- **ASSIGNMENT**: Beneath this instruction is a block of data; output from it exactly the lines that run from the one containing "101 FAIRVIEW AVENUE W, Waynesboro, PA 17268" through the one containing "Hyundai i20, 2012 - pohled č. 10", inclusive.

- **EXERCISE INPUT**:
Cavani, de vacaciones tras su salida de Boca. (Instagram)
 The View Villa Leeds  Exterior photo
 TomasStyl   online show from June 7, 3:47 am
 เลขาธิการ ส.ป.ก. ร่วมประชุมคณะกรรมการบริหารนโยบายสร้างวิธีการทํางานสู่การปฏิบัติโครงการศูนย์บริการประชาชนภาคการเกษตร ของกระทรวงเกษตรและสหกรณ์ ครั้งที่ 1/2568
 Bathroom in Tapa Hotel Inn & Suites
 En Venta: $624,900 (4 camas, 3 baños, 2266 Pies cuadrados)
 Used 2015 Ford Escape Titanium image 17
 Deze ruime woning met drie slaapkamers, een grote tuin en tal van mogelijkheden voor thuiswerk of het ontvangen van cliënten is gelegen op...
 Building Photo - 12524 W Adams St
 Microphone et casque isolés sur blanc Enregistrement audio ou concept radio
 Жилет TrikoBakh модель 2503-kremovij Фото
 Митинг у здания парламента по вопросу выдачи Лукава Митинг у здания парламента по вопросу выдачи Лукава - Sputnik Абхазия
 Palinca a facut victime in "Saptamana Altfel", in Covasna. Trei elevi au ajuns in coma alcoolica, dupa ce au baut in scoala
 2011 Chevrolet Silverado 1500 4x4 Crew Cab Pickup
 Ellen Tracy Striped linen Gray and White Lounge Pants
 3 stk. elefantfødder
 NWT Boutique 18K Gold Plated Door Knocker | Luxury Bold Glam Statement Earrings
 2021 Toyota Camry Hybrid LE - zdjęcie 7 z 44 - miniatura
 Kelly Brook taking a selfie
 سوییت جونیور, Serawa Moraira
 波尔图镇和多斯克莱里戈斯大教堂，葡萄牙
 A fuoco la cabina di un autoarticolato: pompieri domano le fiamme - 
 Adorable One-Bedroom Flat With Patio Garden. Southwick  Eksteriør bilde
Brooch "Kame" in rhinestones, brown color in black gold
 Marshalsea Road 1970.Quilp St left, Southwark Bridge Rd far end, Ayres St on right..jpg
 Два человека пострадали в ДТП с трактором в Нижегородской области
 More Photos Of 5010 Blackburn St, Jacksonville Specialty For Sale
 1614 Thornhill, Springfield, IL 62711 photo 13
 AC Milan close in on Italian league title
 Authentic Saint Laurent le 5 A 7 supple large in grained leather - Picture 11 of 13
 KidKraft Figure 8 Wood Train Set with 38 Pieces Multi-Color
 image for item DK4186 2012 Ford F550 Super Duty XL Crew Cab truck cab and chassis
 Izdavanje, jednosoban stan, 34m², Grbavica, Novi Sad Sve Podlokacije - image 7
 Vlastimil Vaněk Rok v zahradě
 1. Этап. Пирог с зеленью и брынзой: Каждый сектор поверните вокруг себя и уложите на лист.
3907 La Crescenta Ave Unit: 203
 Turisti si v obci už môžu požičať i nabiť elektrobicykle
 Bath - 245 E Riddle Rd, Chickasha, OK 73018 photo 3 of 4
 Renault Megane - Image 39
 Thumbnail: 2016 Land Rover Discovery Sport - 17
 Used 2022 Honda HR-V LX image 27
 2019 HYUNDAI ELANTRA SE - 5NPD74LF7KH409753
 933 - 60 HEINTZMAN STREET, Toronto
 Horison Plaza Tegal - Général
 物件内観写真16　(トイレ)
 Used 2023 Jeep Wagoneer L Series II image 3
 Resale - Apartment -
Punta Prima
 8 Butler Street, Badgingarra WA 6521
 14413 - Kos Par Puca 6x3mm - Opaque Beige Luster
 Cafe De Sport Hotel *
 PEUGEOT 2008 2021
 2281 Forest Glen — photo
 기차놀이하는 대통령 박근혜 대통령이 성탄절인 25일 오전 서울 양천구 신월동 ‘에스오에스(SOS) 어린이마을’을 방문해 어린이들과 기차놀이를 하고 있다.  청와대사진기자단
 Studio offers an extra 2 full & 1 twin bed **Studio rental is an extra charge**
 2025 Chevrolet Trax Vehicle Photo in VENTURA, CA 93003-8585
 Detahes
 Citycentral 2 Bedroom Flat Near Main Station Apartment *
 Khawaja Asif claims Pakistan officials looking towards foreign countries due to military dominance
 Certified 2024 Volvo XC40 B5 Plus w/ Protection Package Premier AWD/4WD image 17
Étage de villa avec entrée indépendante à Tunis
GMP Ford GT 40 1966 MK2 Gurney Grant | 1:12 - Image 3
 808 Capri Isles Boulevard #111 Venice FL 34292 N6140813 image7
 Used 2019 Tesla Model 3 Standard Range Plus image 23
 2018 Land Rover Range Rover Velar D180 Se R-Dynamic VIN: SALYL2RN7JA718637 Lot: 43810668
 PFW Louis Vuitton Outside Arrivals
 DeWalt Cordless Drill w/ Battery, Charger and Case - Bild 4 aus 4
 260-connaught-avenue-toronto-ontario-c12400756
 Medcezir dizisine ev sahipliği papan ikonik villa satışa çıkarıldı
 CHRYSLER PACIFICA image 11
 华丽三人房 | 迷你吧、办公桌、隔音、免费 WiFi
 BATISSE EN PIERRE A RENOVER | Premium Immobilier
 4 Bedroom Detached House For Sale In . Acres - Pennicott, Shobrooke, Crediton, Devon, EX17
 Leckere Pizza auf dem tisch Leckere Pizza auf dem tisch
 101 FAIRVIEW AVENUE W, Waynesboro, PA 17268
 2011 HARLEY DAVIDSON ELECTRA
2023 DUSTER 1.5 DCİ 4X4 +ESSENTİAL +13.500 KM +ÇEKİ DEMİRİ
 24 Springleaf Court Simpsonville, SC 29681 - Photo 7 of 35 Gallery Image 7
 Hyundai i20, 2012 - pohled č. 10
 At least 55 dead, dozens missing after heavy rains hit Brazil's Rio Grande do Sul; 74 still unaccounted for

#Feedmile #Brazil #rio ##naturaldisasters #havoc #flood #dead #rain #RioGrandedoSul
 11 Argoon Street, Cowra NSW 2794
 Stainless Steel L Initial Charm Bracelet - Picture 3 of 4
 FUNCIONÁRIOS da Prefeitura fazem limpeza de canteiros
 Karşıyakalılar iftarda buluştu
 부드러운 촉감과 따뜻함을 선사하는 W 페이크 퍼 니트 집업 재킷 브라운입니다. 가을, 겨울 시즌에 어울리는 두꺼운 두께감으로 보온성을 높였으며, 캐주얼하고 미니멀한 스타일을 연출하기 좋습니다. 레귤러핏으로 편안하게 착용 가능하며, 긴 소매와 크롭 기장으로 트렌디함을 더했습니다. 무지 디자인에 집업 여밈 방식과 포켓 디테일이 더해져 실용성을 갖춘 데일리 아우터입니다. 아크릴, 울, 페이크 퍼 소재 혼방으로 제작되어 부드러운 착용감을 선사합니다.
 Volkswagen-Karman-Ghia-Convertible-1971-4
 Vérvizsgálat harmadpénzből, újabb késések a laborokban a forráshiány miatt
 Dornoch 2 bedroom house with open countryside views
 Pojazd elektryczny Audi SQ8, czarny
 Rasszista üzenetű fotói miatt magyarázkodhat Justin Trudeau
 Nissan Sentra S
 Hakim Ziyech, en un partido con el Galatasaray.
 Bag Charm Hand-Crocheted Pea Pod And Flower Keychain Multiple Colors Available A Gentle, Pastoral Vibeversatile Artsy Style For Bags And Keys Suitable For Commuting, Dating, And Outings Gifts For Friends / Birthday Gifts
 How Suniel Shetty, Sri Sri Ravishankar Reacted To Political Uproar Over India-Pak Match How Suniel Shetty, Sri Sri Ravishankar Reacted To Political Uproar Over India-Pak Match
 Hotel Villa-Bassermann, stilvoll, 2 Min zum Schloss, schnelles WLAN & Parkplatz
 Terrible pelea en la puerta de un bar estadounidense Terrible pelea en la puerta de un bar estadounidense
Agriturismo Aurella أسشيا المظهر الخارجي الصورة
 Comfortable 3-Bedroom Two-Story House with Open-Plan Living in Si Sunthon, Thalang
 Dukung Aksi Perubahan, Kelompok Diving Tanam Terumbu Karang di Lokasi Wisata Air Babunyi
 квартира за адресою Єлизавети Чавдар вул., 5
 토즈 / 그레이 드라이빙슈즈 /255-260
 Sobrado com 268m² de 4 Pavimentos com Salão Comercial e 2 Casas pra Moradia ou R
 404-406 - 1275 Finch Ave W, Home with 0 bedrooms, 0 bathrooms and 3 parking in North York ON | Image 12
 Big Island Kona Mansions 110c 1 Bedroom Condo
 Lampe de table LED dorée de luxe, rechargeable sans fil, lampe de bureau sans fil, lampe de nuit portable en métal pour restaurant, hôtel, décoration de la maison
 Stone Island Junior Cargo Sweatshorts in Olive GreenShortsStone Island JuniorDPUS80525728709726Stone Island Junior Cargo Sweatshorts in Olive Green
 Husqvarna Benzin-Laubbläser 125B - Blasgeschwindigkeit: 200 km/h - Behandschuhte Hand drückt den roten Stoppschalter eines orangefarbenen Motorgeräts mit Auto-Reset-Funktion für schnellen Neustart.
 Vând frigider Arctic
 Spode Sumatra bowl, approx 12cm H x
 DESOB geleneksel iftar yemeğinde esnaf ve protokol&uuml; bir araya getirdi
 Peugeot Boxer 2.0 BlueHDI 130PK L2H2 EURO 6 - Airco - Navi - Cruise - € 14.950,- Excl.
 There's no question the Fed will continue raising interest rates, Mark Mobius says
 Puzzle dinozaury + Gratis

- **TASK RESPONSE**:
 101 FAIRVIEW AVENUE W, Waynesboro, PA 17268
 2011 HARLEY DAVIDSON ELECTRA
2023 DUSTER 1.5 DCİ 4X4 +ESSENTİAL +13.500 KM +ÇEKİ DEMİRİ
 24 Springleaf Court Simpsonville, SC 29681 - Photo 7 of 35 Gallery Image 7
 Hyundai i20, 2012 - pohled č. 10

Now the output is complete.